Begin at the line containing "have been installed correctly." in the records below, end at the line containing "Now if you want", and retype each line in that span exactly. No other line and no image should appear.

*** DATA FOR THIS TASK ***

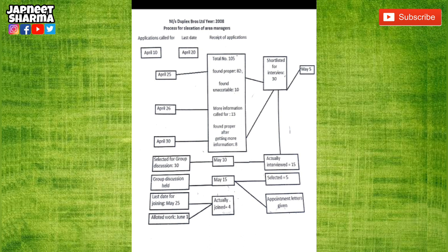After five days the interview was held, and 15 of those interviewed were selected for group discussion. Out of those, 10 were selected for group discussion. After that, 15 went through the group discussion and out of those most — only five — were selected. On May 15th, appointment letters were given to them and the date for joining was May 25th.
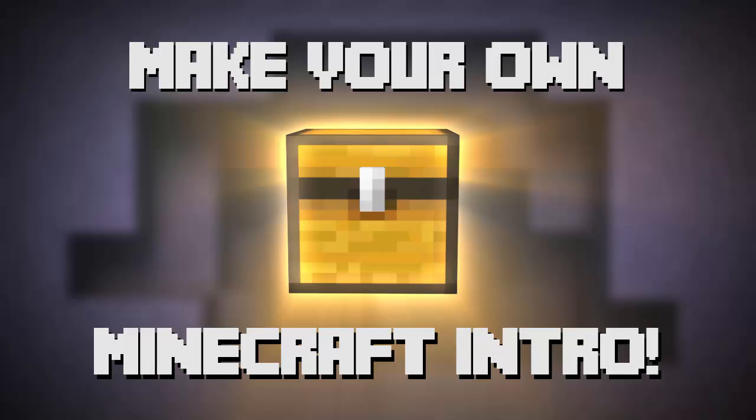Hey guys and welcome back to the very last episode in our 3 part tutorial series on how to make your very own animated Minecraft intro.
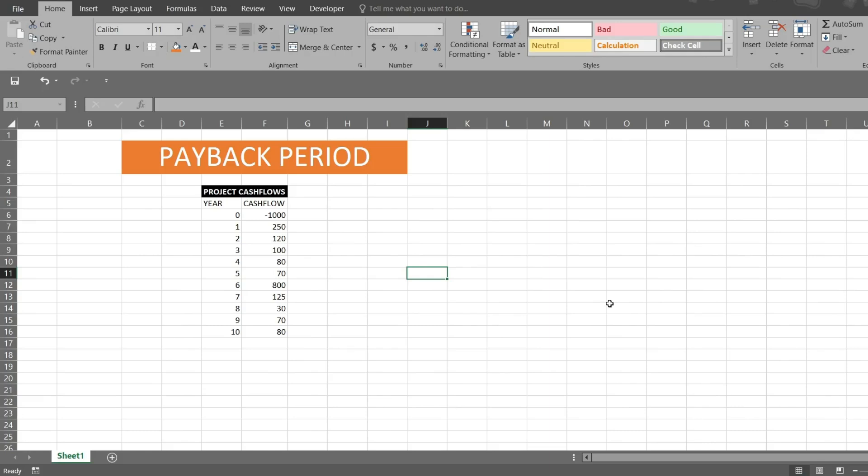Hi, in this recording I will be talking about how we can find payback period. Firstly, I will tell you how you can find the payback period manually, and in the second half of this video I will tell you how you can write VBA code to find out the payback period.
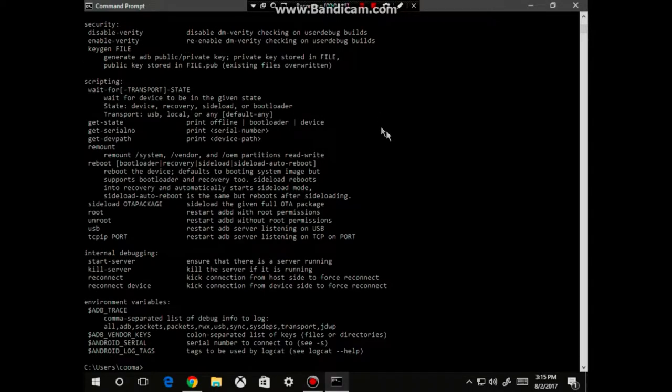If you get this screen right here, then your ADB drivers have not been installed correctly. If you get this screen right here, then your ADB drivers have been installed correctly.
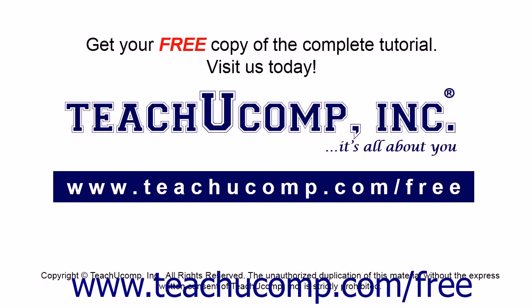Get your free copy of the complete tutorial at www.teachucomp.com/free.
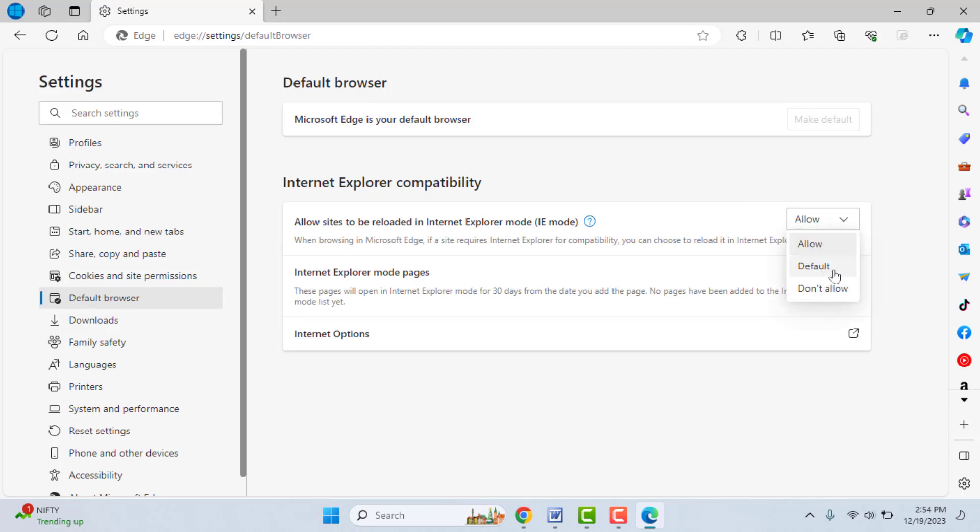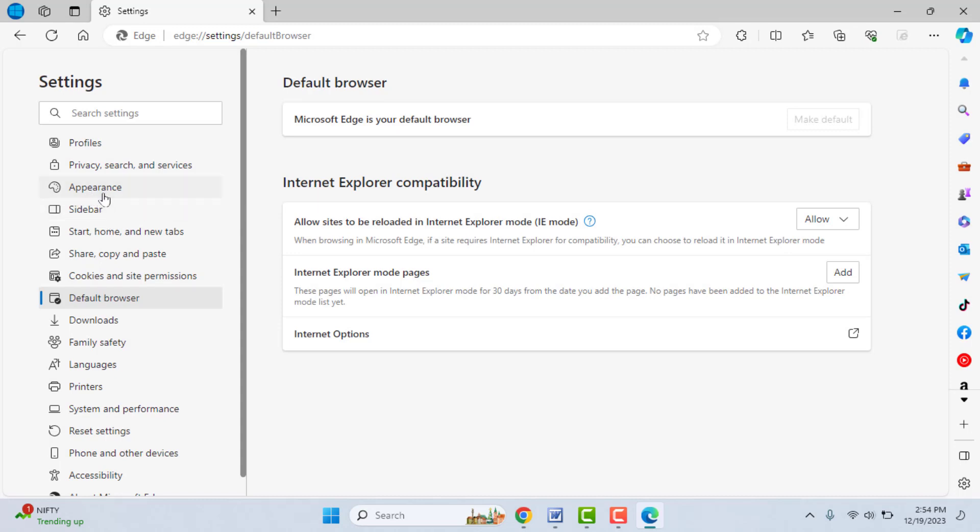Now if you want to get the Internet Explorer icon on your browser, here in the settings you can get the Appearance option. Just click and open it from the left panel like this.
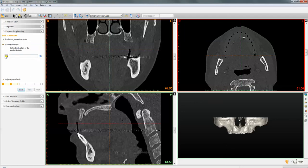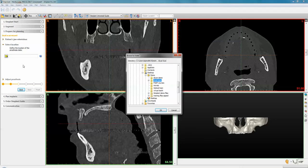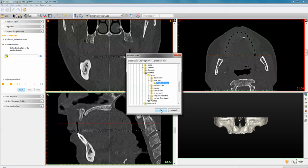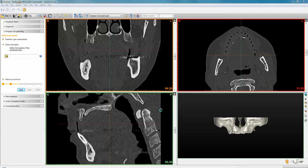A folder dialog will appear for you to locate where the prosthesis scan is stored. I've stored it in the same folder as my patient scan, split into two sets of files and labeled as the prosthesis scan. This is still in individually sliced raw DICOM format — I have not opened it or created a Simplant file from it. Click OK and it will show a preview of what's in that DICOM file.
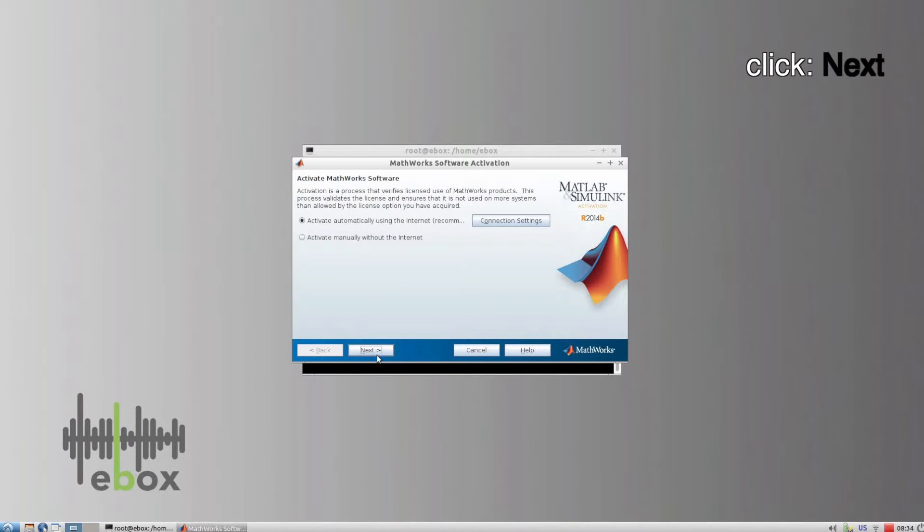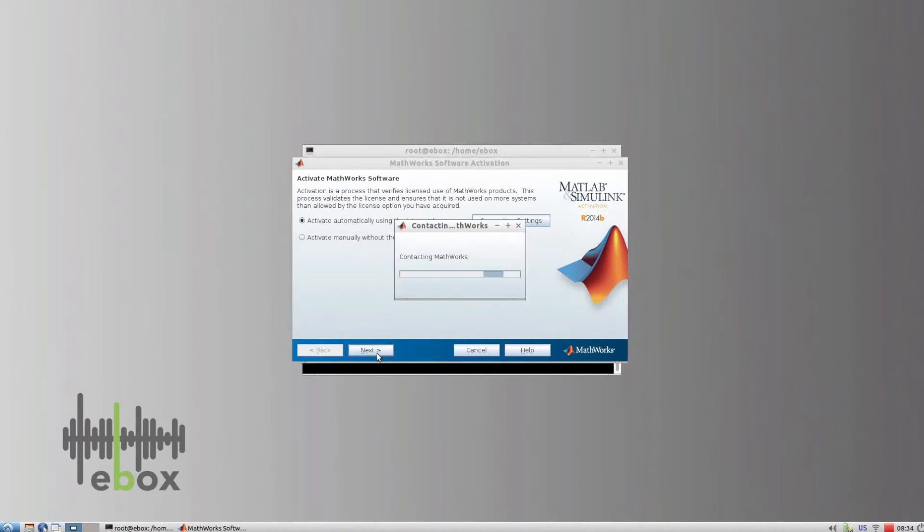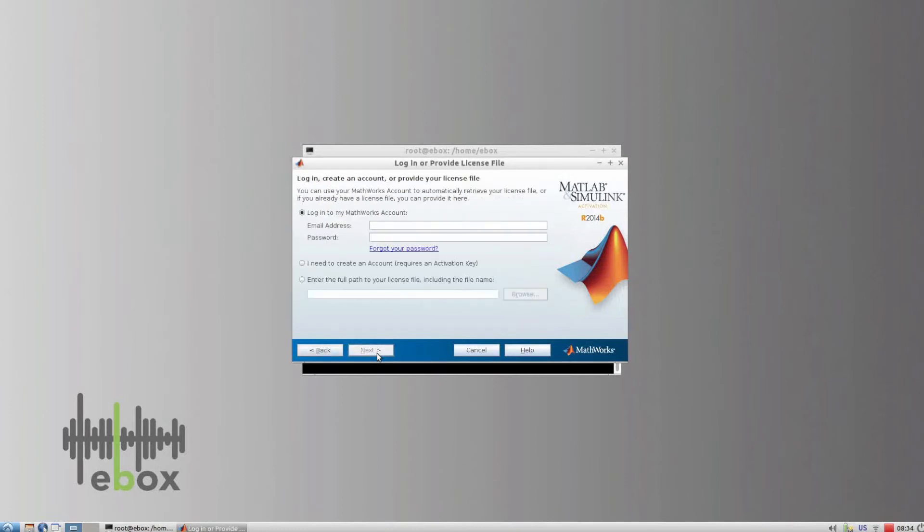Click on next. Enter your account credentials and click on next.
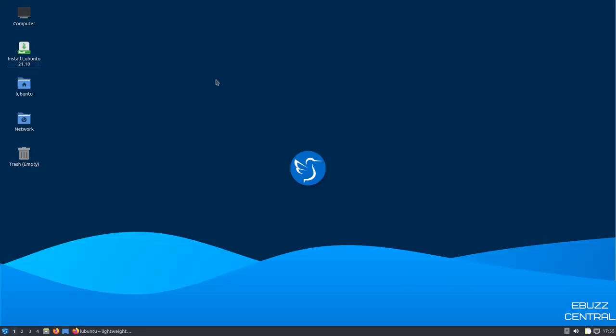Hey everybody, this is Troy with eBuzz Central. Today we're taking a look at Lubuntu. It's a new release, 21.10, based on the LXDE and LXQT desktop environment.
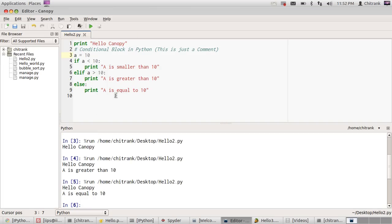So this was a quick tutorial on how to use Python and how to write Python scripts, your first Python script. Hope you enjoyed the tutorial. Thanks for watching.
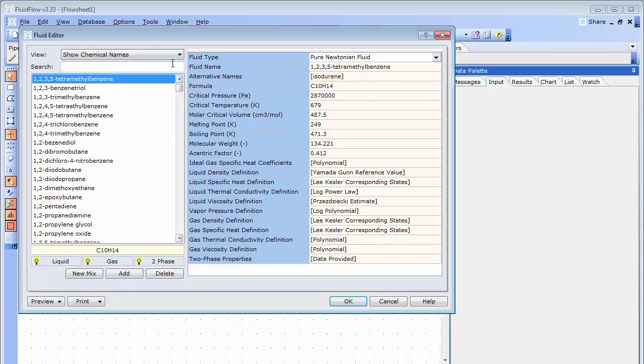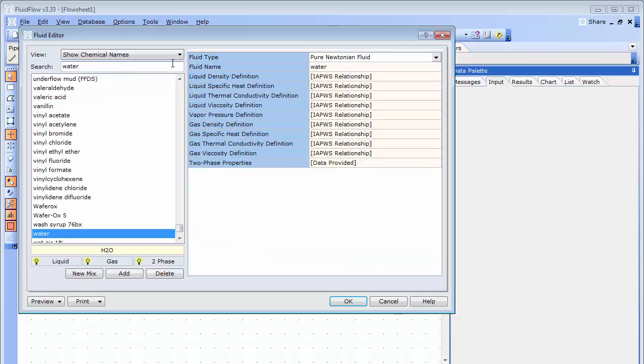Let's search for water. The physical property data for water is based on the International Association for the Properties of Water and Steam. We can see at a glance that water can be modeled as a liquid, gas or as a two-phase fluid as all lightbulb icons are illuminated.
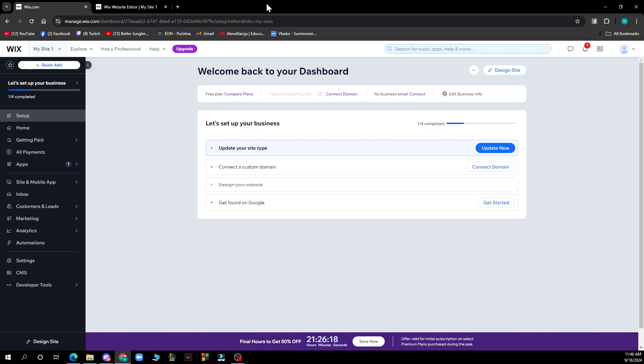So guys the first thing that you need to do is go to Google and type in wix.com. After that you just need to go and log into your profile or register to Wix if you haven't already done that of course.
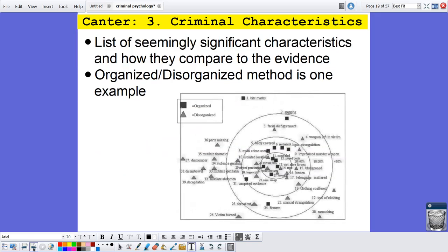Number three is criminal characteristics. We want to come up with a list of significant characteristics and compare them to the evidence. An example is the organized versus disorganized method. This is actually a figure from one of David Cantor's published papers. The squares show organized behaviors, the triangles show disorganized behaviors, and the circles indicate the frequency with which these occur. The circle in the middle indicates behaviors that happen 50% of the time, and the second inner circle would be between 20 to 40%.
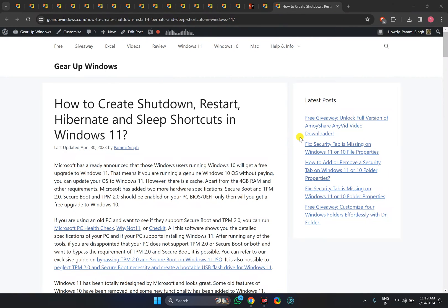Welcome back to GearUp Windows YouTube channel. In this video, we will guide you on how to create a desktop shortcut for sleep in Windows 11.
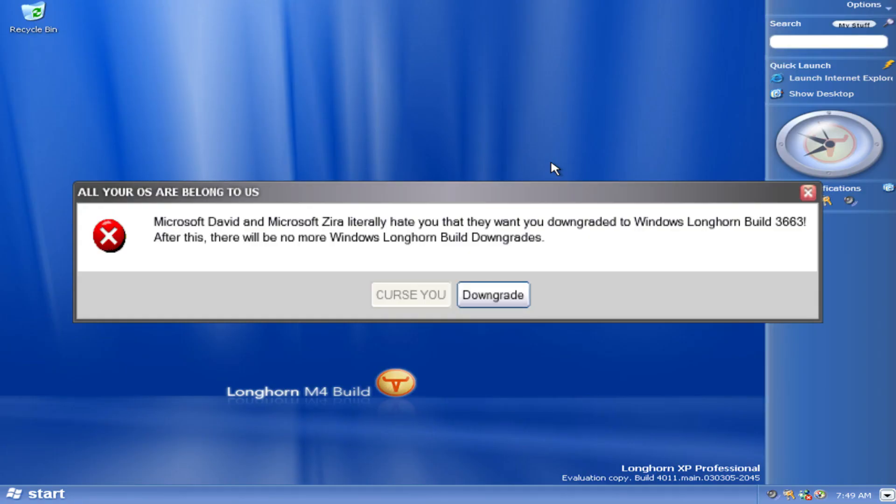Damn it. He just killed David and Zero. Oh well, time to go to the first ever Windows Longhorn Build.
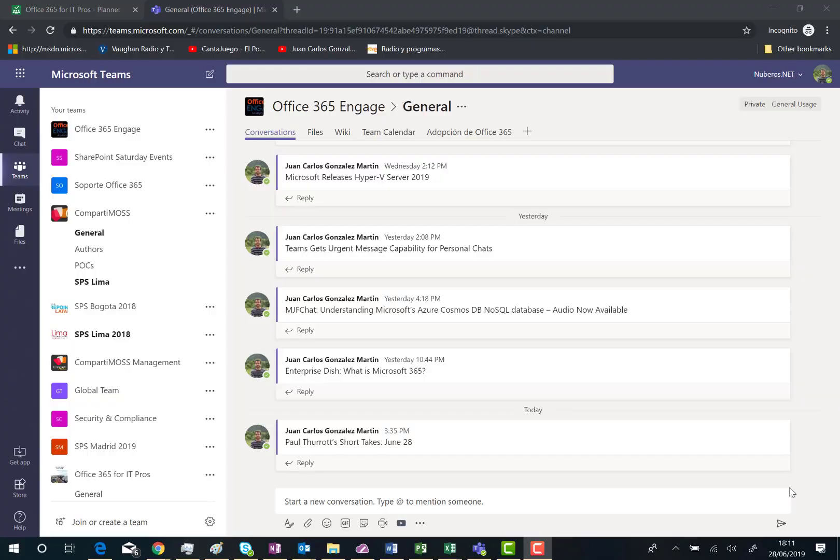Hi there, in this very short video I'm going to show you the new reactions we have in Microsoft Teams.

*** End of DATA FOR THIS TASK ***

● **SOLUTION**:
If you get this screen right here, then your ADB drivers have not been installed correctly. If you get this screen right here, then your ADB drivers have been installed correctly.
Get your free copy of the complete tutorial at www.teachucomp.com/free.
Now if you want to get the Internet Explorer icon on your browser, here in the settings you can get the Appearance option. Just click and open it from the left panel like this.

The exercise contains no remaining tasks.